**Data for review**
•••••
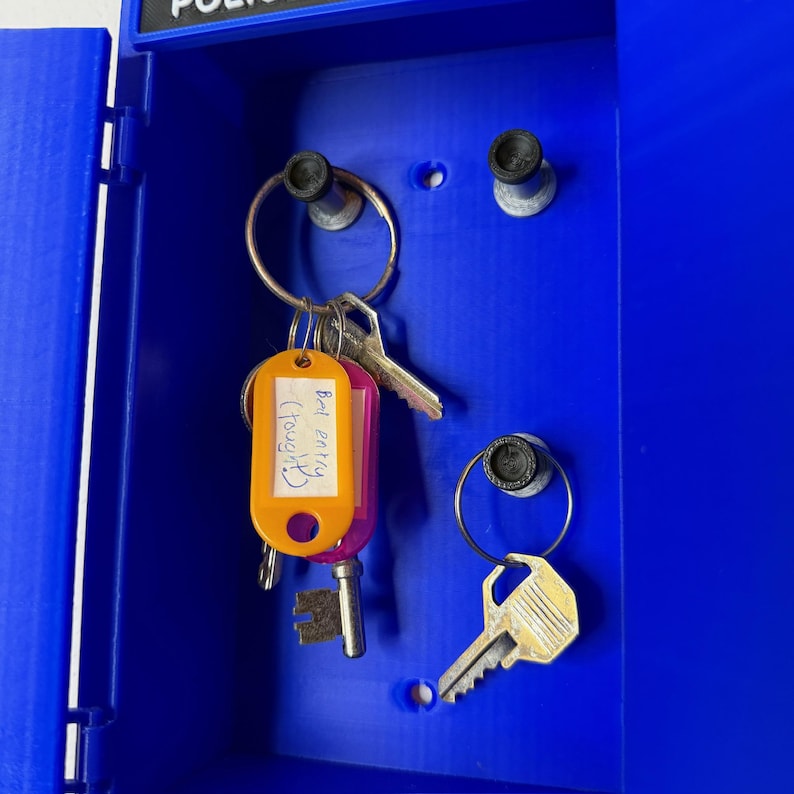 May include: A blue police box-style key holder with keys hanging inside. One key has an orange tag with the text "Bed entry (Tough)". The key holder has a hinged door and metal key rings.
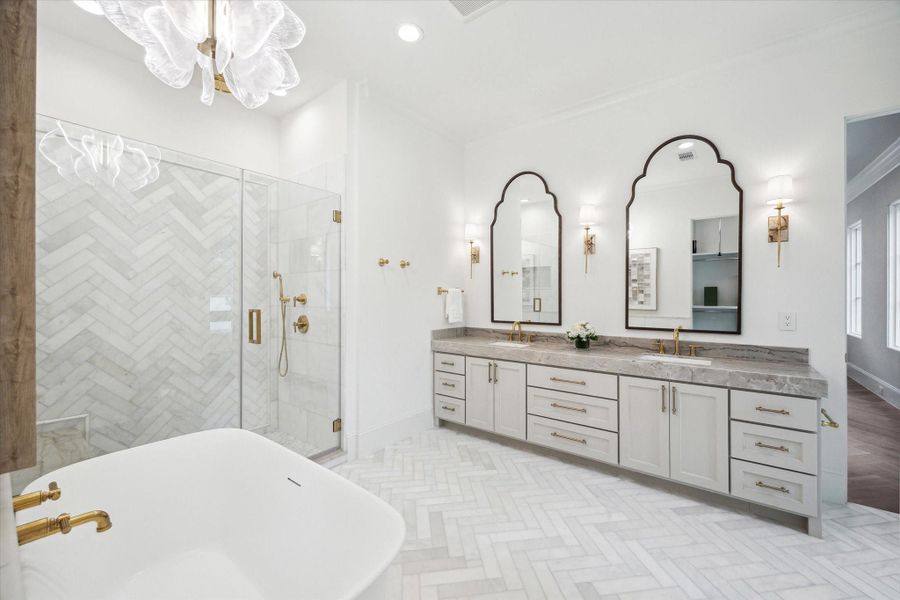 Custom Benedettini cabinetry, stone countertops, Kallista sinks with Kallista fixtures, and designer light fixtures complete the luxurious bathrooms. *Photo is of another home in the community and for informational purposes only. Custom Benedettini cabinetry, stone countertops, Kallista sinks with Kallista fixtures, and designer light fixtures complete the luxurious bathrooms. *Photo is of another home in the community and for informational purposes only.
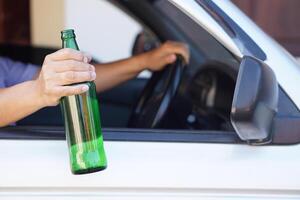 cerca arriba un conductor sostiene botella de cerveza en coche. concepto , Campaña para no lo hagas conducir, no lo hagas bebida alcohol ese lata porque coche accidente y ilegal. peligroso conducción cuando borracho. foto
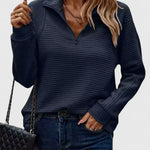Dark navy ribbed half-zip knit sweater with long sleeves.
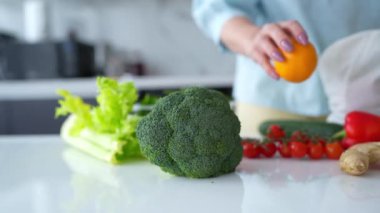 Bir kadın, yeniden kullanılabilir bir çantadaki taze sebzeleri modern bir mutfaktan çıkarır ve çevre dostu alışkanlıkları teşvik eder..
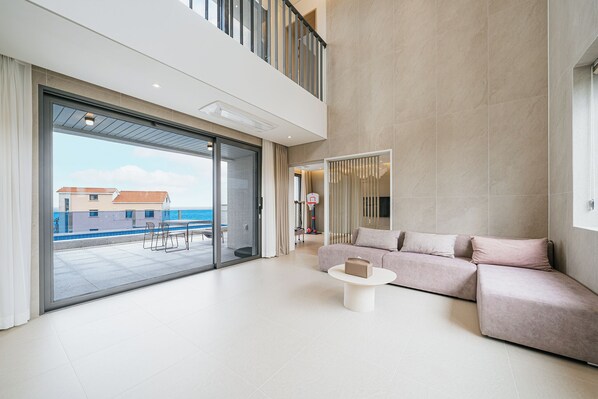 Luxury Duplex, 2 Bedrooms, Private Pool, Ocean View | Living room | 50-inch LED TV with cable channels, Netflix, heated floors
•••••
**Your task**
Where the line containing "cerca arriba un" appears, begin copying there and continue exactly through the final line of the records; both end lines belong in the copy, pictures do not.

**Answer section**
 cerca arriba un conductor sostiene botella de cerveza en coche. concepto , Campaña para no lo hagas conducir, no lo hagas bebida alcohol ese lata porque coche accidente y ilegal. peligroso conducción cuando borracho. foto
Dark navy ribbed half-zip knit sweater with long sleeves.
 Bir kadın, yeniden kullanılabilir bir çantadaki taze sebzeleri modern bir mutfaktan çıkarır ve çevre dostu alışkanlıkları teşvik eder..
 Luxury Duplex, 2 Bedrooms, Private Pool, Ocean View | Living room | 50-inch LED TV with cable channels, Netflix, heated floors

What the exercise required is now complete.